Action fails when too many jobs trying to track different repos in the same data repo
ChameleonTartu opened this issue · 10 comments
This project looks amazing!
My idea was to track all public repos and analyze them once in a while. It looks like when I have too many jobs running, the action fails. For instance, when one job is pushed before another one. My GitHub repo.
Also, there is another issue with amazon-mws-subscriptions-maven:
210411-19:09:08.177 INFO:MainThread: union-merge views and clones
Traceback (most recent call last):
File "/fetch.py", line 314, in <module>
main()
File "/fetch.py", line 73, in main
) = fetch_all_traffic_api_endpoints(repo)
File "/fetch.py", line 122, in fetch_all_traffic_api_endpoints
df_views_clones = pd.concat([df_clones, df_views], axis=1, join="outer")
File "/usr/local/lib/python3.8/site-packages/pandas/core/reshape/concat.py", line 285, in concat
op = _Concatenator(
File "/usr/local/lib/python3.8/site-packages/pandas/core/reshape/concat.py", line 467, in __init__
self.new_axes = self._get_new_axes()
File "/usr/local/lib/python3.8/site-packages/pandas/core/reshape/concat.py", line 537, in _get_new_axes
return [
File "/usr/local/lib/python3.8/site-packages/pandas/core/reshape/concat.py", line 538, in <listcomp>
self._get_concat_axis() if i == self.bm_axis else self._get_comb_axis(i)
File "/usr/local/lib/python3.8/site-packages/pandas/core/reshape/concat.py", line 544, in _get_comb_axis
return get_objs_combined_axis(
File "/usr/local/lib/python3.8/site-packages/pandas/core/indexes/api.py", line 92, in get_objs_combined_axis
return _get_combined_index(obs_idxes, intersect=intersect, sort=sort, copy=copy)
File "/usr/local/lib/python3.8/site-packages/pandas/core/indexes/api.py", line 145, in _get_combined_index
index = union_indexes(indexes, sort=sort)
File "/usr/local/lib/python3.8/site-packages/pandas/core/indexes/api.py", line 214, in union_indexes
return result.union_many(indexes[1:])
File "/usr/local/lib/python3.8/site-packages/pandas/core/indexes/datetimes.py", line 395, in union_many
this, other = this._maybe_utc_convert(other)
File "/usr/local/lib/python3.8/site-packages/pandas/core/indexes/datetimes.py", line 413, in _maybe_utc_convert
raise TypeError("Cannot join tz-naive with tz-aware DatetimeIndex")

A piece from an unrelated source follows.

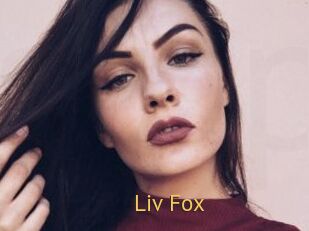 Liv_Fox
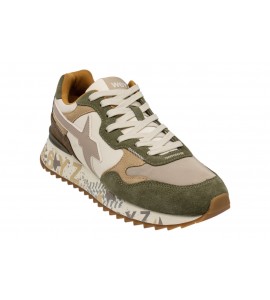 W6YZ uomo 2015185.48.2F12 YAK-M MILITARE-TAUPE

TypeError: Cannot join tz-naive with tz-aware DatetimeIndex
Another data frame issue:
210411-19:09:18.943 INFO: parsed timestamp from path: 2021-04-11 19:09:15+00:00
Traceback (most recent call last):
File "/analyze.py", line 1398, in <module>
main()
File "/analyze.py", line 82, in main
analyse_view_clones_ts_fragments()
File "/analyze.py", line 691, in analyse_view_clones_ts_fragments
if df.index.max() > snapshot_time:
TypeError: '>' not supported between instances of 'float' and 'datetime.datetime'
+ ANALYZE_ECODE=1
error: analyze.py returned with code 1 -- exit.
Git clone issue:
GHRS entrypoint.sh: pwd: /github/workspace
+ git clone 'https://ghactions:${' secrets.ACCESS_GITHUB_API_TOKEN '}@github.com/ChameleonTartu/buymeacoffee-repo-stats.git' .
length of API TOKEN: 36
fatal: Too many arguments.
All other issues are the same as those mentioned.

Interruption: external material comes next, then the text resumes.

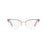 LENTE OFTALMICO VOGUE - 0VO4120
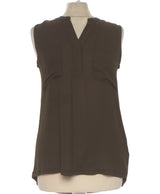 422810 Tops et t-shirts H&M Occasion Once Again Friperie en ligne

@jgehrcke Let me know if I can help more than just reporting this. It would be great to fix all of this, to use this tool more extensively, as I am planning to grow the number of repos from 34 to more over time. It is the most valuable tool, I could find for tracking repo development over time. Thank you again!
Traceback (most recent call last):
File "/fetch.py", line 314, in <module>
main()
File "/fetch.py", line 73, in main
) = fetch_all_traffic_api_endpoints(repo)

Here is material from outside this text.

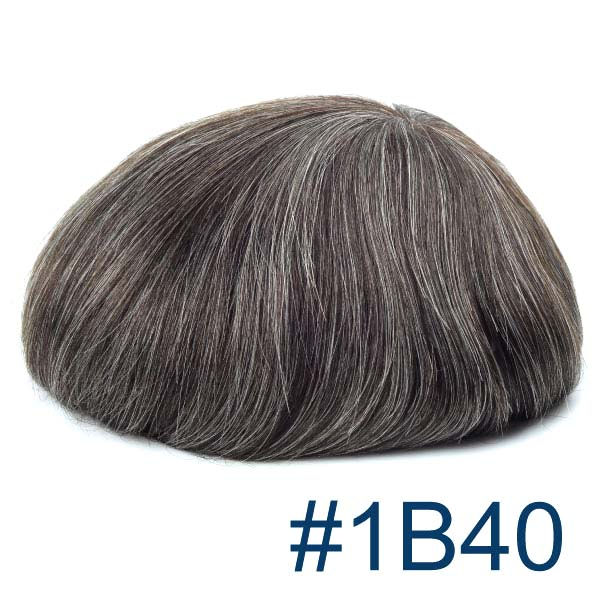 #1B40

File "/fetch.py", line 122, in fetch_all_traffic_api_endpoints
df_views_clones = pd.concat([df_clones, df_views], axis=1, join="outer")
[...]
TypeError: Cannot join tz-naive with tz-aware DatetimeIndex
I could not quite make sense of this one. Both, df_clones
and df_views
are created by the same code path. I thought maybe when one of both is empty this might be the fallout with a misleading error, but no:
± python
iPython 3.8.6 (default, Nov 22 2020, 17:14:35)
[GCC 10.2.1 20201016 (Red Hat 10.2.1-6)] on linux
Type "help", "copyright", "credits" or "license" for more information.
>>> import pandas as pd
>>> tz_naive = pd.date_range('2018-03-01 09:00', periods=3)
>>> tz_aware = tz_naive.tz_localize(tz='US/Eastern')
>>> df_aware = pd.DataFrame(data={'lol': [1, 2, 3]}, index=tz_aware)
>>> df_aware
lol
2018-03-01 09:00:00-05:00 1
2018-03-02 09:00:00-05:00 2
2018-03-03 09:00:00-05:00 3
>>> df_empty = pd.DataFrame(data={}, index=[])
>>> pd.concat([df_aware, df_empty], axis=1, join="outer")
lol
2018-03-01 09:00:00-05:00 1
2018-03-02 09:00:00-05:00 2
2018-03-03 09:00:00-05:00 3
I am adding a patch that changes the way the DatetimeIndex is translated to a tz-aware object, which hopefully addresses this problem. It's a little disappointing to not understand it precisely.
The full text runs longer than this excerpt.